The copy should run from the line containing "Ružové tričko, primigi,80" through the last line of the entries below, exactly as written, with pictures omitted.

---

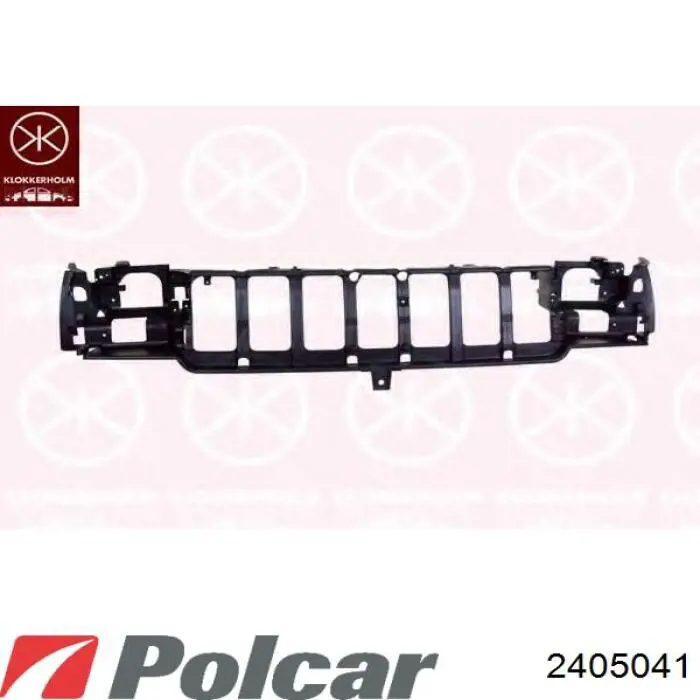 Osłona chłodnicy kompletna (panel mocowania reflektorów) Polcar 2405041 cena, od 95,16 USD
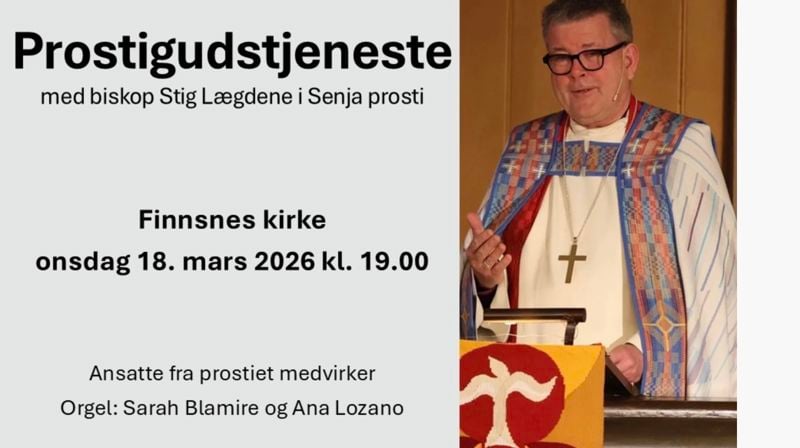 Prostigudstjeneste Senja prosti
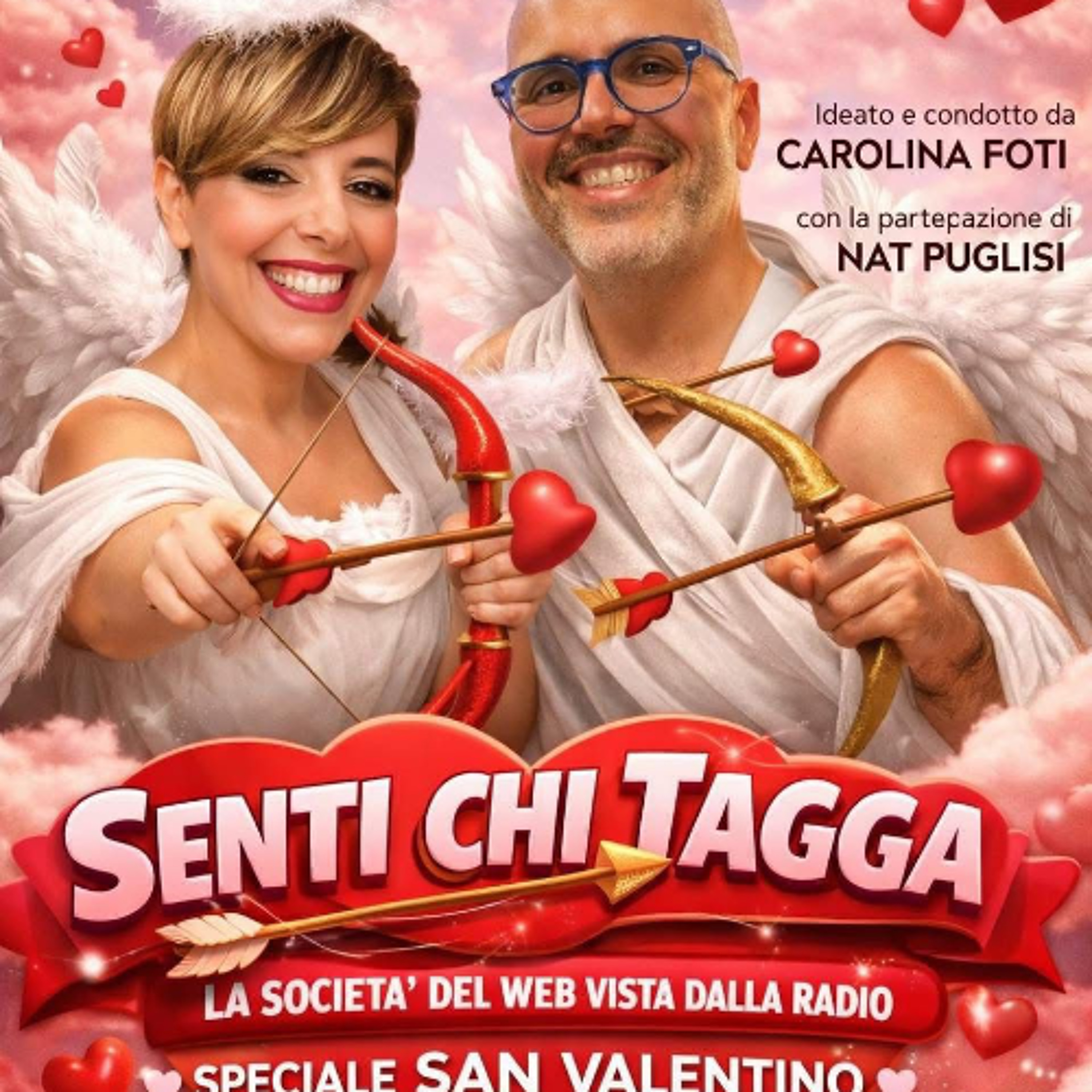 Senti chi tagga 14 febbraio 2026 episode artwork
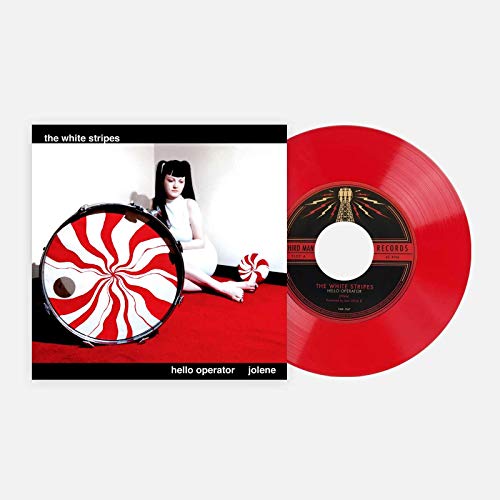 Hello Operator / Jolene - Exclusive VMP Club Edition Red Colored 7" Vinyl LP (Hand Numbered Out Of 1000 Copies)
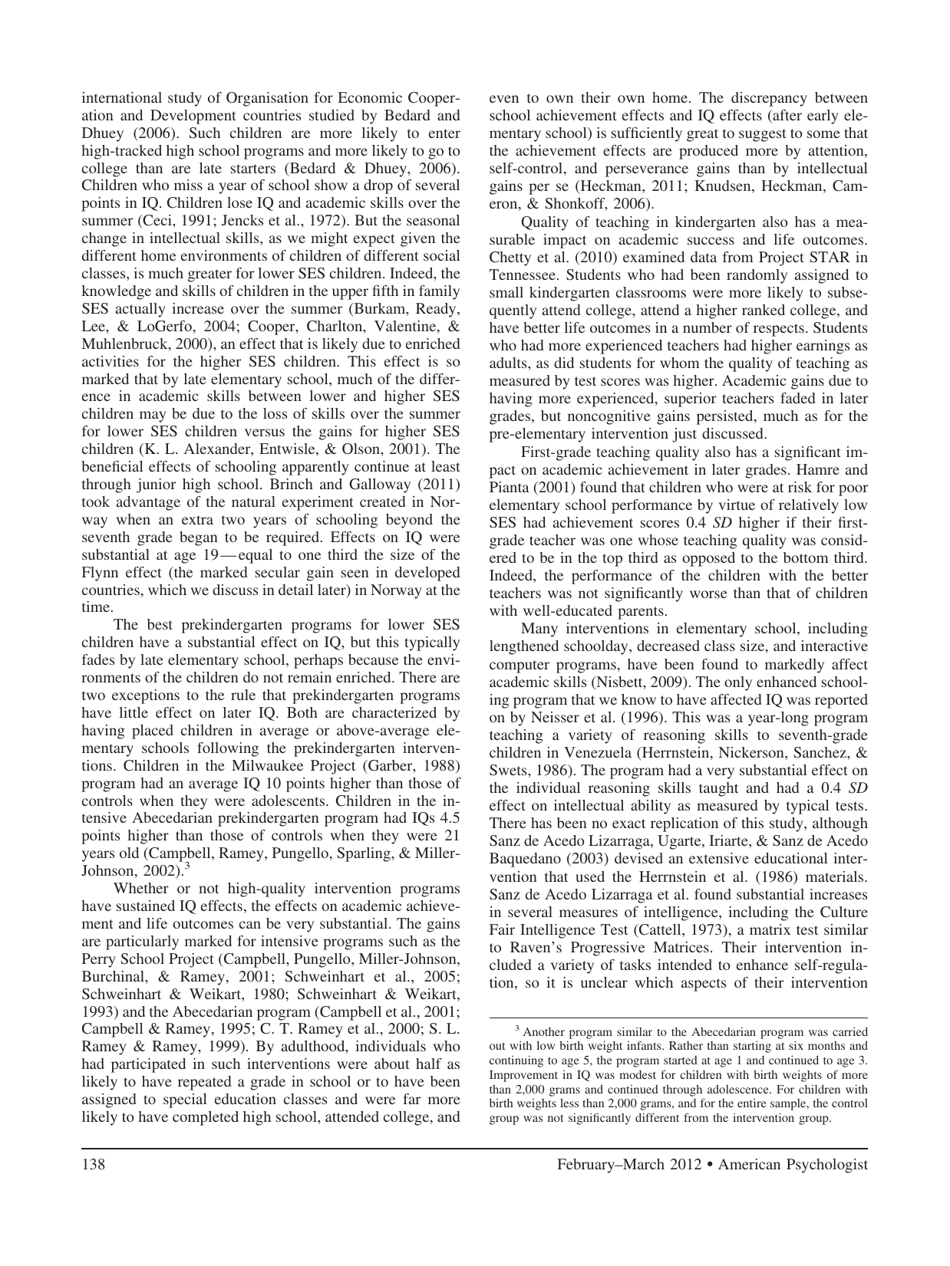 Intelligence: New Findings and Theoretical Developments - American Psychologist, Page 9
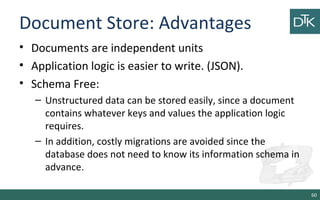9. Document Oriented Databases | PPT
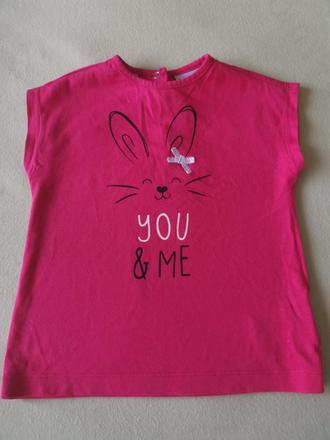 Ružové tričko, primigi,80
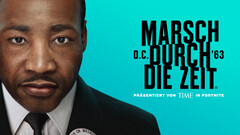 Fortnite: Erfahrung Marsch durch die Zeit ehrt Dr. Martin Luther King Jr.
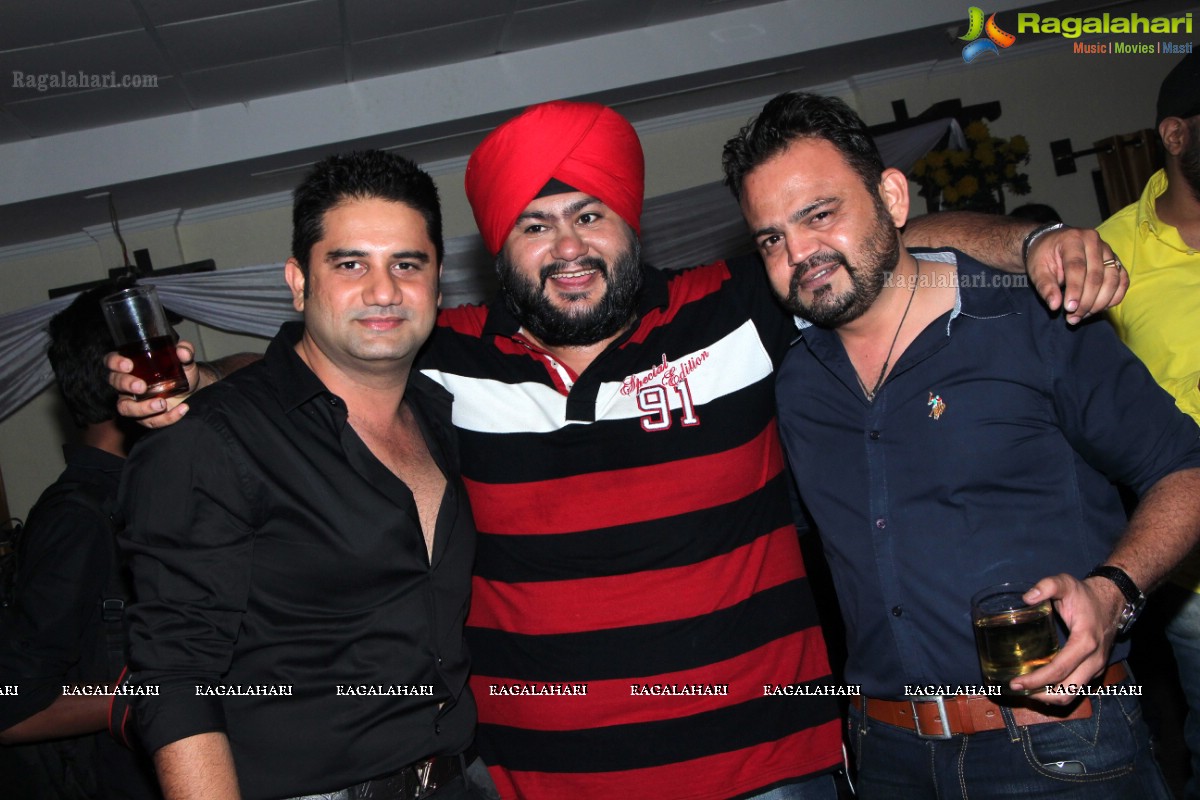 Koyal Chandak Birthday Bash 2014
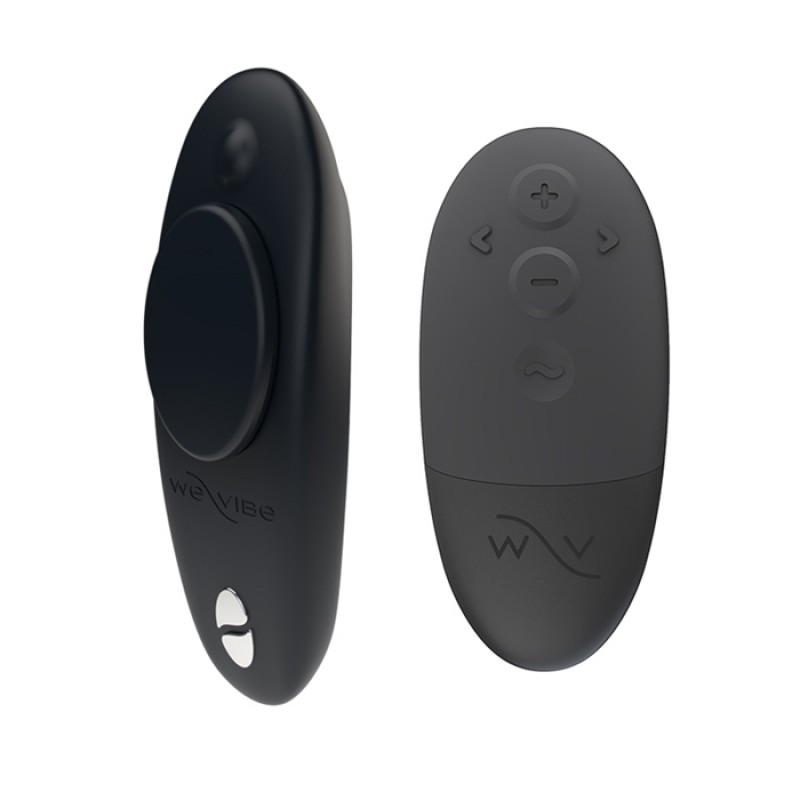 We-Vibe Remote Moxie+ Panty Vibe in Black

---

- _Finished exercise_:
 Ružové tričko, primigi,80
 Fortnite: Erfahrung Marsch durch die Zeit ehrt Dr. Martin Luther King Jr.
 Koyal Chandak Birthday Bash 2014
 We-Vibe Remote Moxie+ Panty Vibe in Black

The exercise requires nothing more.